この話が通じない彼女にはイライラさせられて、そもそもさっさと別れたらいいだろと思いましたが。
とは言え、このエピソードでは彼女という扱いですが、こちらの気持ちは無視して自分本位の理論を押し付けてくるモノというのは社会に存在しますし、そういったモノや社会とさっさと別れるというわけにもいかないのかと。
そういったモノと別れるために、川端は穴に入ることを選んだということなのだろうかと。
率直に言って川端の語りを聞いた時は、それくらいの理由で穴に入ることを選ぶのか?と感じたのですが。
何となく、穴に入ることはあの世に行くような行為と同等、というイメージがあったので、そこまで世をはかなんでいるようには見えないのに、と。
しかしよく考えると、向こう側には救済の世界があると信じて集って来た人達なのだから、今の社会に居づらいものの世をはかなんでいるという程ではない、今の社会から離れて新天地で暮らそう、といった感覚なのかなと解釈しました。
ついでに、川端の親が穴に入ったというのは、何で?と。
親が入ったから自分もみたいな感じも、やっぱり流されてるのでは…、とも思いました。
2話
染谷将太が演じる菅谷という男のエピソードです。
小学生の時の初恋の相手と大人になってから偶然再会したという菅谷。
想いを伝えることなく別れ、また数年後に偶然再会をすることになるが…
この菅谷も、子供の頃に空手道場に通わされるなど、親から男らしさを押し付けられているような。
それが影響しているのかどうかはよく分かりませんが、素直に気持ちを伝えることなくすれ違うことに。
お互いに想い合っていたけれども結ばれなかった二人、という悲恋っぽいお話でしたが…
菅谷は妻よりも初恋相手の方を想っているようで、妻や子供に後ろめたさを感じているのか、子供の病気についての悩みもあり、穴に入ることを選んだ様子。
しかし、初恋の相手を想っていることが後ろめたいとしても、子供の病気を天罰だと感じるというのは違和感がありました。
子供の余命がわずかとしても、妻子を置いて穴に入るってどうなんだ?と。
ところが最後に、菅谷は穴に入らずに失踪、菅谷の妻子は元気に暮らしているということが判明。
菅谷は嘘をついていたのか、どこまでが本当の話なのか、分からなくなってしまいました。
過去の話でもちょいちょい嘘をつくシーンがありますが、嘘を後悔している、自分の気持ちに嘘をついていることが辛い、というようなことで穴に入ることを選んだのかもしれませんが。
回想シーンの部分は本当で、全てを語っていないという可能性も。
とは言え、子供の話は嘘をついているようには見えなかったし、そんな嘘をつく理由もないと思うので、実は菅谷と初恋相手との間に子供がおり、その子供のことなのか?と。

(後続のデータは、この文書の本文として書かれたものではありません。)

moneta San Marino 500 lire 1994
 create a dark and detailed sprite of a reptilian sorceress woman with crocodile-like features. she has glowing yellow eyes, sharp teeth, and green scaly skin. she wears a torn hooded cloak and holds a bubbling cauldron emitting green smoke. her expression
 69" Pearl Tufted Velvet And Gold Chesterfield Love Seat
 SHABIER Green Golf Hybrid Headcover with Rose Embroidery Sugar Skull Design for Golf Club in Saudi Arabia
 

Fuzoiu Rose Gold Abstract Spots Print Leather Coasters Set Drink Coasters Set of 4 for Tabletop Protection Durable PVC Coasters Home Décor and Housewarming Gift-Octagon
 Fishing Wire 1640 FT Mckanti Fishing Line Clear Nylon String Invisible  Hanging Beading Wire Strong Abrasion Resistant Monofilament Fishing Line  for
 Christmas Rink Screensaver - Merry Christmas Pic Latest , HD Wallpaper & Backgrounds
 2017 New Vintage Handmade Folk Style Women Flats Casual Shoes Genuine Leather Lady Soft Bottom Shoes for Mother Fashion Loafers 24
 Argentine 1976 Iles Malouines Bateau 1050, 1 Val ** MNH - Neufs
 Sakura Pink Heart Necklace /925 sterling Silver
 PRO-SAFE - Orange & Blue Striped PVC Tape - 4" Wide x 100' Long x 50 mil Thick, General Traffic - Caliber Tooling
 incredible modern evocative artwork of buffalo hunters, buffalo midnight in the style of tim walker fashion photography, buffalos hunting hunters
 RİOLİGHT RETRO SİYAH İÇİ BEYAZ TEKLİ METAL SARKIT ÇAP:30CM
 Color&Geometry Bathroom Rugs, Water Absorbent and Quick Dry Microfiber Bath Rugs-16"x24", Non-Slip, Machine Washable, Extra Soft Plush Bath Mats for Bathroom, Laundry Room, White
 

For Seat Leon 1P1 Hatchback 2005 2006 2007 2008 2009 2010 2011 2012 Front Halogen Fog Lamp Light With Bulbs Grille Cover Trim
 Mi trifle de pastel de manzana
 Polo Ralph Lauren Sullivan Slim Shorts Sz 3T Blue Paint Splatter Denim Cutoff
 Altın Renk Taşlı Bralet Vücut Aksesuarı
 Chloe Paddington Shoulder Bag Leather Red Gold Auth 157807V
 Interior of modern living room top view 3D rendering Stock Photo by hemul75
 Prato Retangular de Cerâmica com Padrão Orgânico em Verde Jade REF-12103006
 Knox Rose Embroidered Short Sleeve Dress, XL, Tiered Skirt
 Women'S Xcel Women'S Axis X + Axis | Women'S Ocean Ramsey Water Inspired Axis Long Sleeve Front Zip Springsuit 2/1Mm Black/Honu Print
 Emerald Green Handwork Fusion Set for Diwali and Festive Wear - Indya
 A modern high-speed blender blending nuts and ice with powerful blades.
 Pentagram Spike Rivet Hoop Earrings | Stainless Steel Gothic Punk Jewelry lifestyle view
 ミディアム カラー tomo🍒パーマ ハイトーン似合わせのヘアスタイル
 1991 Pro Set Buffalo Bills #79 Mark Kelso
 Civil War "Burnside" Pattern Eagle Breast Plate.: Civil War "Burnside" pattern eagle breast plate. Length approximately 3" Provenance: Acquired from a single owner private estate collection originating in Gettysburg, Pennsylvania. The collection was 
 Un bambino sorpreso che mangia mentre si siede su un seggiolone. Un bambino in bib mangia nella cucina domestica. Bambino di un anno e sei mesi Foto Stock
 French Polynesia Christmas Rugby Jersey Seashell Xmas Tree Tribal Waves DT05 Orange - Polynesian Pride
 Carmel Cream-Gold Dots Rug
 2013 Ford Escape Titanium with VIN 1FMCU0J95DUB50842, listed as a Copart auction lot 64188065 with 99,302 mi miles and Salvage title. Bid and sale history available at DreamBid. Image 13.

実は初恋相手と関係を続けており、失踪というのは初恋相手の元へ行ったのでは、などと考えてしまいましたが。
それにしても、実際に穴に入ったかどうか、どうやって小澤側は確認しているのだろうかという疑問もあります。
映像では穴に向かう時は一人のようでしたし。
今後の各自のエピソードや、穴の謎が解明されるのかどうかなど、期待しています。